Rechts­ver­let­zungen über einen Inter­ne­t­an­schluss begründen Vermutung für die Täterschaft des Anschluss­in­habersWider­sprüch­licher Vortrag und pauschale Behauptungen genügen nicht zur Widerlegung der vermuteten Täterschaft des Anschluss­in­habers

Werden über einen Inter­ne­t­an­schluss Urheberrechts­verletzungen begangen, so spricht die allgemeine Lebenserfahrung für die vermutete Täterschaft des Anschluss­in­habers (sog. Beweis des ersten Anscheins). Diese Vermutung kann der Anschluss­inhaber durch die Darlegung eines möglichen anderen Gesche­hens­ablaufs widerlegen. Dazu genügt jedoch nicht die pauschale Behauptung, andere Nutzer könnten die Rechts­ver­letzung begangen haben. Auch ein wider­sprüch­licher Vortrag führt nicht zu einer Widerlegung der Vermutung. Dies hat das Landgericht Köln entschieden.

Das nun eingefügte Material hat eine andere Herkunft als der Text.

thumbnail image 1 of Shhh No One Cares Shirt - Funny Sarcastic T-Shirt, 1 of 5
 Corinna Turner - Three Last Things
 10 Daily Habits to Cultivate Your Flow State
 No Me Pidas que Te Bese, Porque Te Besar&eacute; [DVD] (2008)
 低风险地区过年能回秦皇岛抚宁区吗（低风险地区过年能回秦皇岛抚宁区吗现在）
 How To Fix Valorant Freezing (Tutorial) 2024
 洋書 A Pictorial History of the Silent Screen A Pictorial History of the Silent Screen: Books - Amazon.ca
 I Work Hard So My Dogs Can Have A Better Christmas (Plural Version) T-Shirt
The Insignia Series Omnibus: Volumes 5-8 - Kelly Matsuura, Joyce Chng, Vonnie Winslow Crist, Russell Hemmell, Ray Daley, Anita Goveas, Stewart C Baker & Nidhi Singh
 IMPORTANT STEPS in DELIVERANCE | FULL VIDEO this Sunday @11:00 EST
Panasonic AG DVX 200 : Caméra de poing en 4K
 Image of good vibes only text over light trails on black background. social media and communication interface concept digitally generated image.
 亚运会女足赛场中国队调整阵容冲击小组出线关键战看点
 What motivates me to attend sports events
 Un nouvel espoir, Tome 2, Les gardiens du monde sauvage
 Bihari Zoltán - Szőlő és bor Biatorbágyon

Im zugrunde liegenden Fall klagten verschiedene Recht­e­in­ha­be­rinnen von Musiktiteln gegenüber einem Familienvater auf Schadenersatz wegen begangener Urheber­rechts­ver­let­zungen. Aufgrund einer Software ermittelten die Klägerinnen für die begangenen Rechts­ver­let­zungen den Anschluss des Familienvaters. Sie verlangten im Wege der Lizenzanalogie je 200 € für 15 vom Anschluss des Familienvaters zum Herunterladen bereitgestellte Musiktitel. Dieser bestreitete jedoch eine Verant­wort­lichkeit. Ebenso hätten weder seine Ehefrau noch seine beiden Söhne, die ebenfalls im Haushalt wohnten und den Anschluss nutzten, Dateien zum Download bereitgestellt. Er habe zudem auf die Illegalität der Tauschbörsen hingewiesen und die Teilnahme daran verboten. Er könne dennoch nicht 100 prozentig etwaige Rechtsverstöße seiner Familien­an­ge­hörigen ausschließen. Darüber hinaus behauptete er, dass Gäste oder Freunde die Rechts­ver­let­zungen begangen haben können.

Anspruch auf Schadenersatz im Wege der Lizenzanalogie bestand

Das Landgericht Köln entschied zu Gunsten der Klägerinnen. Sie haben gemäß § 97 Abs. 2 UrhG einen Schaden­er­satz­an­spruch gehabt. Der Schaden wurde vom Gericht auf Grundlage des Betrags berechnet, den der Verletzer als angemessene Vergütung hätte entrichten müssen, wenn er die Erlaubnis zur Nutzung des verletzten Rechts eingeholt hätte. Dies sei der Betrag, den die Parteien bei Abschluss eines Lizenzvertrags als angemessene Lizenzanalogie vereinbart hätten. Davon ausgehend sei der geforderte Betrag von 200 € je Titel angemessen gewesen.

Familienvater war für Urheber­rechts­ver­let­zungen verantwortlich

Für das Landgericht stand es fest, dass der Familienvater als Anschlussinhaber für die ermittelten Rechts­ver­let­zungen verantwortlich war. Die Täterschaft des beklagten Anschluss­in­habers müsse zwar vom Kläger dargelegt und gegebenenfalls bewiesen werden. Werde aber ein geschütztes Werk von einer IP-Adresse aus öffentlich zugäng­lich­gemacht, die zum fraglichen Zeitpunkt einer bestimmten Person zugeordnet war, spreche eine tatsächliche Vermutung dafür, dass diese Person für die Rechts­ver­letzung verantwortlich ist.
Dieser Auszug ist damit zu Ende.